> [Work to complete]
Retype all of the data word for word, without pictures.

> [Available data]
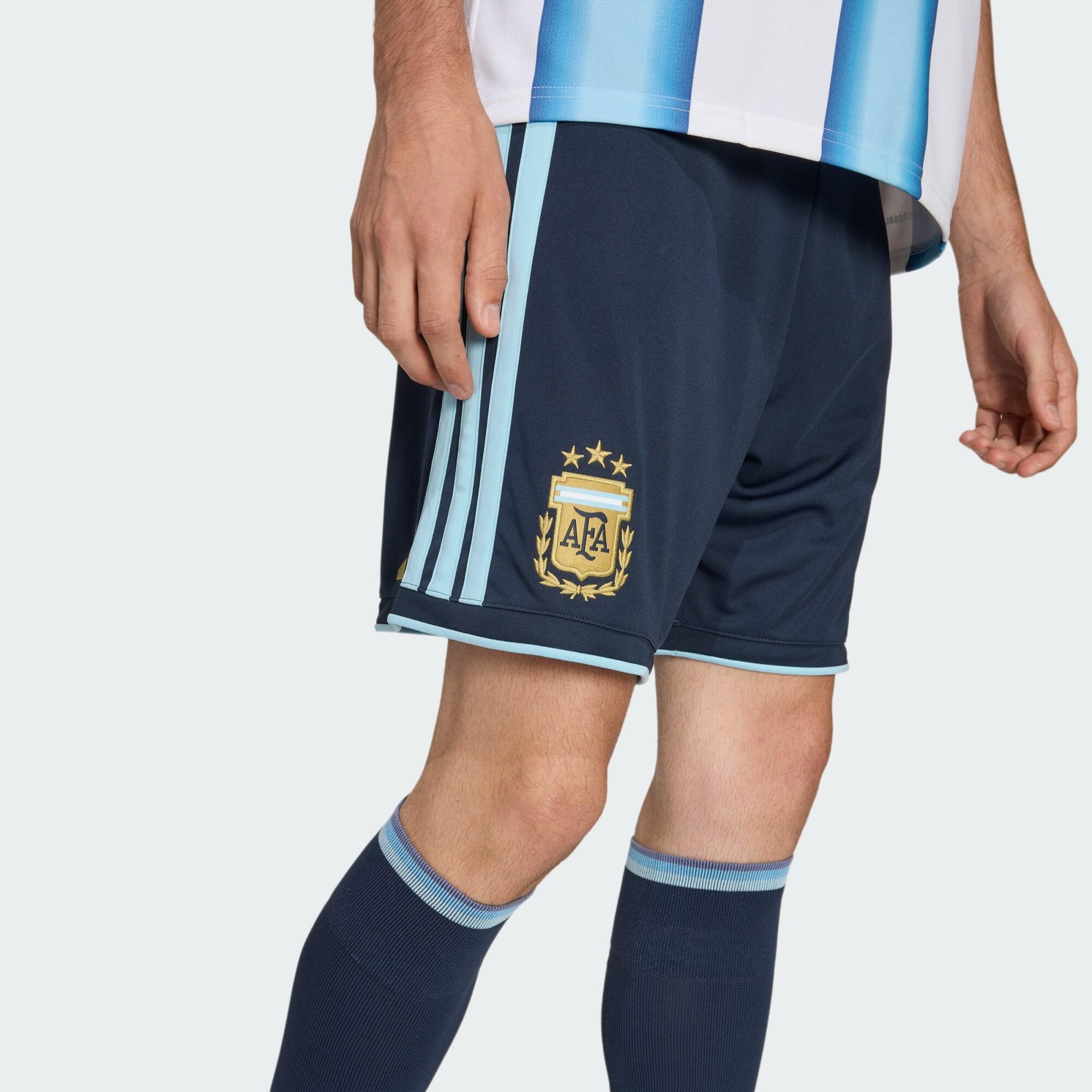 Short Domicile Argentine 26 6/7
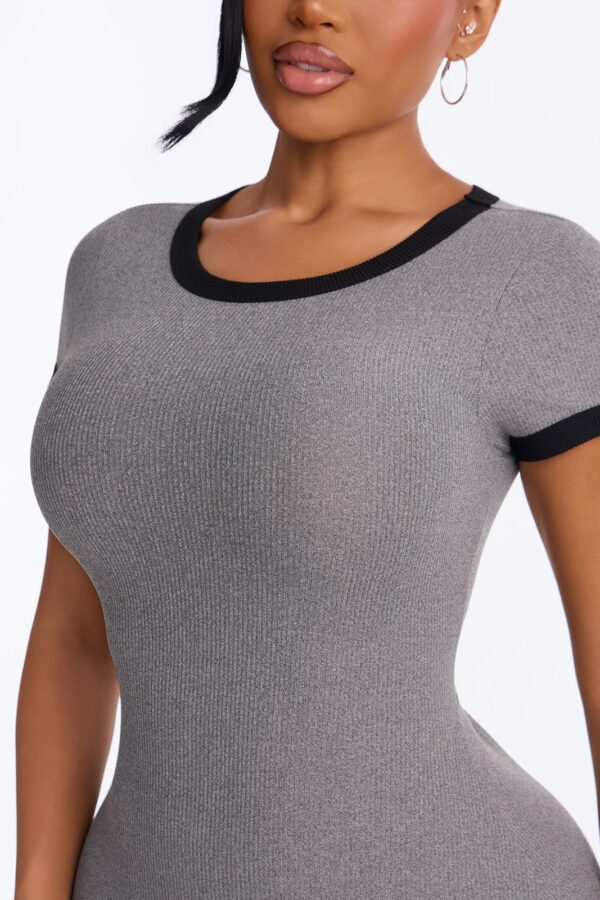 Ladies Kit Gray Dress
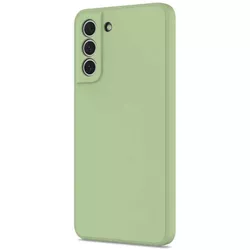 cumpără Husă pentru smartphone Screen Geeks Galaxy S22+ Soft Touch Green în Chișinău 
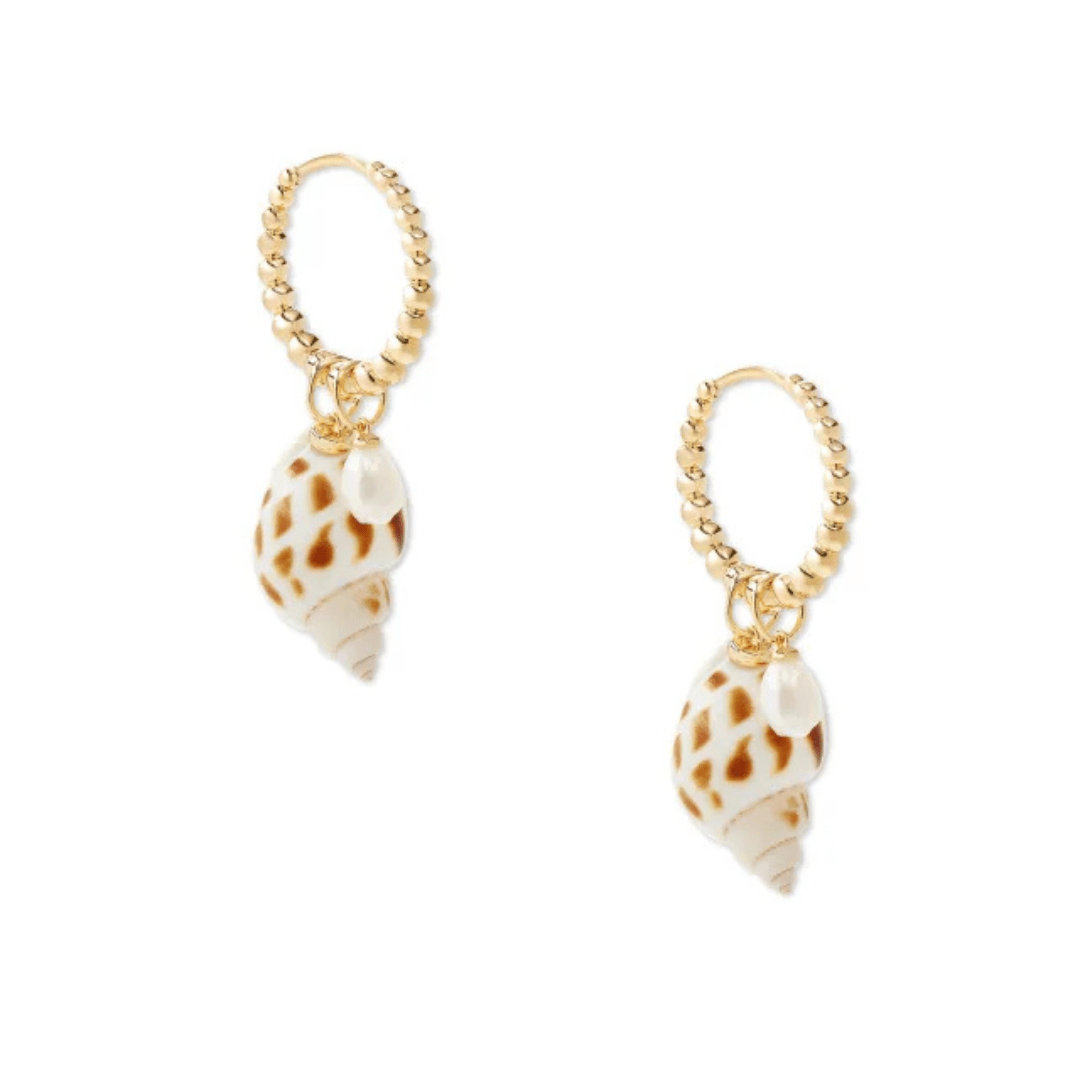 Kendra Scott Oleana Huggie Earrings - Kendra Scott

> [Worked solution]
 Short Domicile Argentine 26 6/7
 Ladies Kit Gray Dress
 cumpără Husă pentru smartphone Screen Geeks Galaxy S22+ Soft Touch Green în Chișinău 
 Kendra Scott Oleana Huggie Earrings - Kendra Scott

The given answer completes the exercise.